2007 GSA Denver Annual Meeting (28–31 October 2007)

Paper No. 13
Presentation Time: 1:30 PM-5:30 PM

MULTI-PROXY EVIDENCE FOR CHANGES IN LATE GLACIAL/EARLY HOLOCENE CENTRAL MEDITERRANEAN SURFACE WATERS


BRIGHT, Camomilia, Geological and Atmospheric Sciences, Iowa State University, 253 Science I, Ames, IA 50011 and CERVATO, Cinzia, Dept. of Geological and Atmospheric Sciences, Iowa State Univ, 253 Science I, Ames, IA 50011, cabright@iastate.edu

The semi-enclosed Mediterranean basin is located in a transition zone between a humid climate to the north and an arid climate to the south and is, therefore, particularly sensitive to changes in the climate system. The modern Mediterranean has a negative water balance and salinity in the basin is controlled by the amount of incoming water from the Atlantic, evaporation, precipitation, and runoff from around the basin.

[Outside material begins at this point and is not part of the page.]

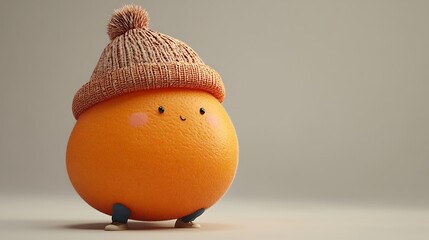 Cartoon Orange Figurine With Straw Hat Enjoying Summer Day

During the late Glacial and early Holocene several abrupt climatic events (the Younger Dryas, the 8,200 cal yr event, and the 7,500 cal yr event) are recorded from ice cores and other climate proxies. These events are thought to have coincided with reorganizations in human societies in the Mediterranean region. Climate records from the region record the Younger Dryas climate reversal but it is still uncertain what effect it had in the Mediterranean and how widespread it was. A cooling at 7,500 cal yr is recorded only in one core in the Adriatic Sea.

To identify short-term climatic events in the central Mediterranean during the late Glacial to early Holocene and their nature, high-resolution samples from two cores in the western and eastern Ionian Sea were analyzed using foraminiferal species assemblages and oxygen isotopes. The Younger Dryas was found in both cores and is marked by a prolonged and significant lowering in surface water salinity, more significant in the core located offshore southern Italy and thus closer to surface water runoff from the northern shores of the Mediterranean. A decrease in seasonality is also observed during this event. The multi-proxy approach allows us to rule out a significant surface-water cooling and instead identify increased precipitation in the northern part of the Mediterranean during this time. Only one of the cores analyzed extended into the Holocene and no significant change in either water temperature or salinity was observed.